**WHAT YOU WILL DO**
Keep the images out while you retype all of the data exactly.

**Caption-style text data**
# # # # #

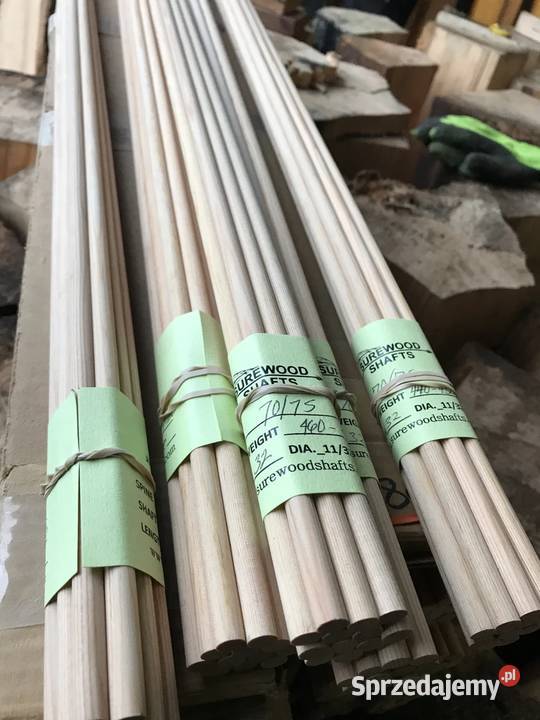 Promienie na strzały gładkie strzała 8mm świerk Nowy Sącz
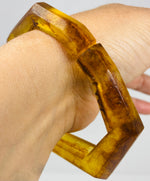 Load image into Gallery viewer, Bangle Link in Faux Amber

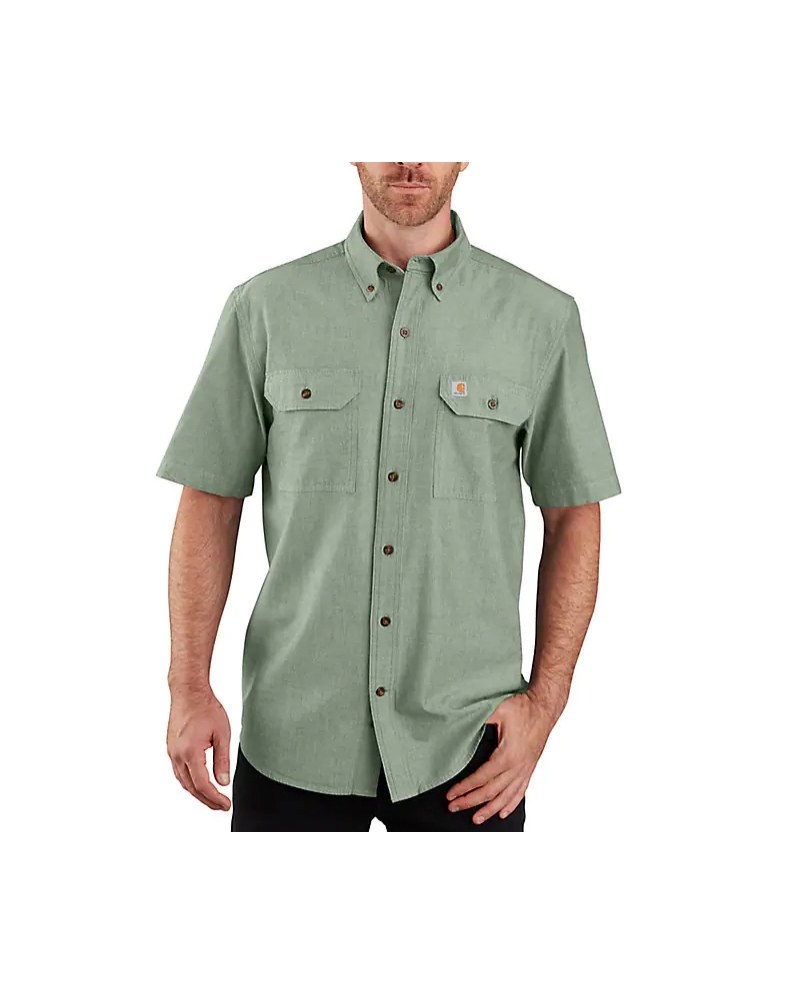 Carhartt® Men's Loose Fit SS Chambray Shirt - Fort Brands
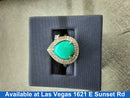 Women's Ring - White Gold 14k (.585) 4.3 grams Size 20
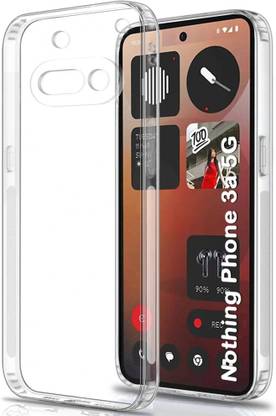 vmt stock Back Cover for Nothing Phone 3A (Silicone, Transparent)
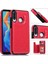 Kart Tutucu Çift Toka ile Huawei P30 Lite Pu Deri Için Cüzdan Kılıf (Yurt Dışından) 1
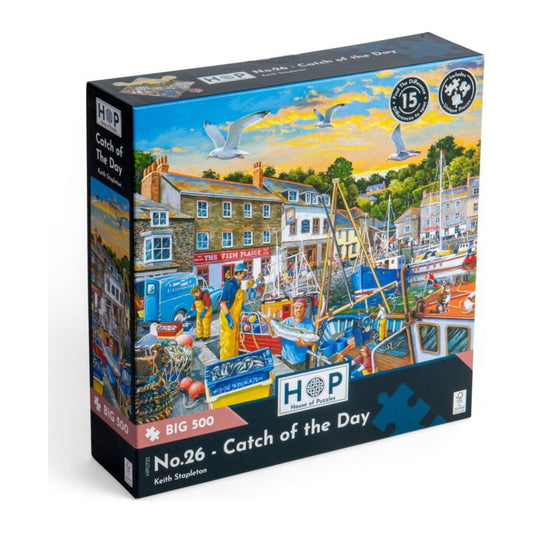 Catch of the Day 500 large piece jigsaw puzzle by House of Puzzles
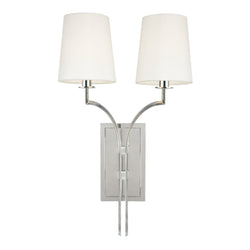 Glenford 2 Light Wall Sconce in Polished Nickel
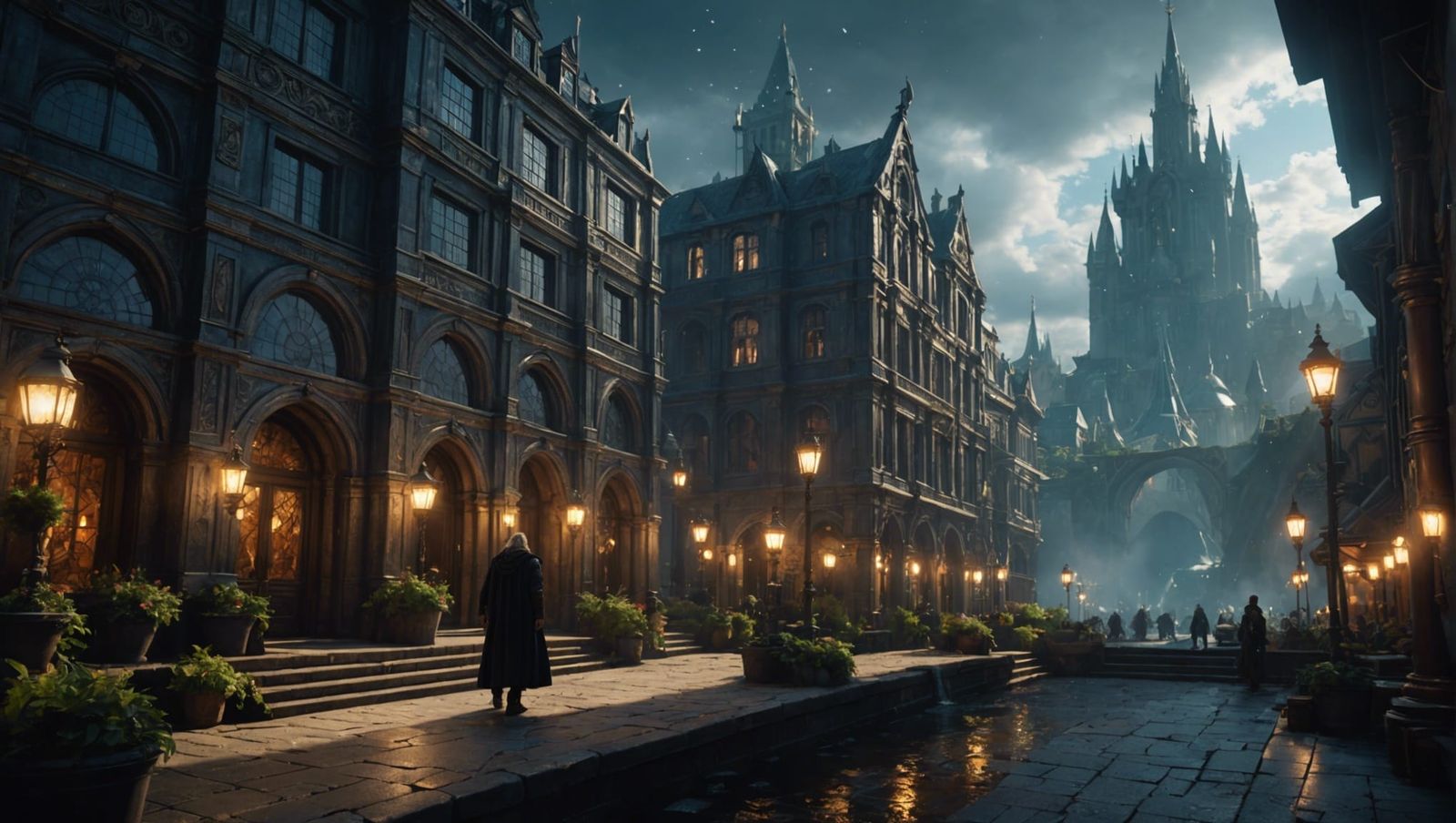 Epic Asgard Photograph in Dark Fantasy Style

# # # # #

**RESPONSE TO THIS TASK**
 Promienie na strzały gładkie strzała 8mm świerk Nowy Sącz
 Load image into Gallery viewer, Bangle Link in Faux Amber

 Carhartt® Men's Loose Fit SS Chambray Shirt - Fort Brands
 Women's Ring - White Gold 14k (.585) 4.3 grams Size 20
 vmt stock Back Cover for Nothing Phone 3A (Silicone, Transparent)
 Kart Tutucu Çift Toka ile Huawei P30 Lite Pu Deri Için Cüzdan Kılıf (Yurt Dışından) 1
 Catch of the Day 500 large piece jigsaw puzzle by House of Puzzles
 Glenford 2 Light Wall Sconce in Polished Nickel
 Epic Asgard Photograph in Dark Fantasy Style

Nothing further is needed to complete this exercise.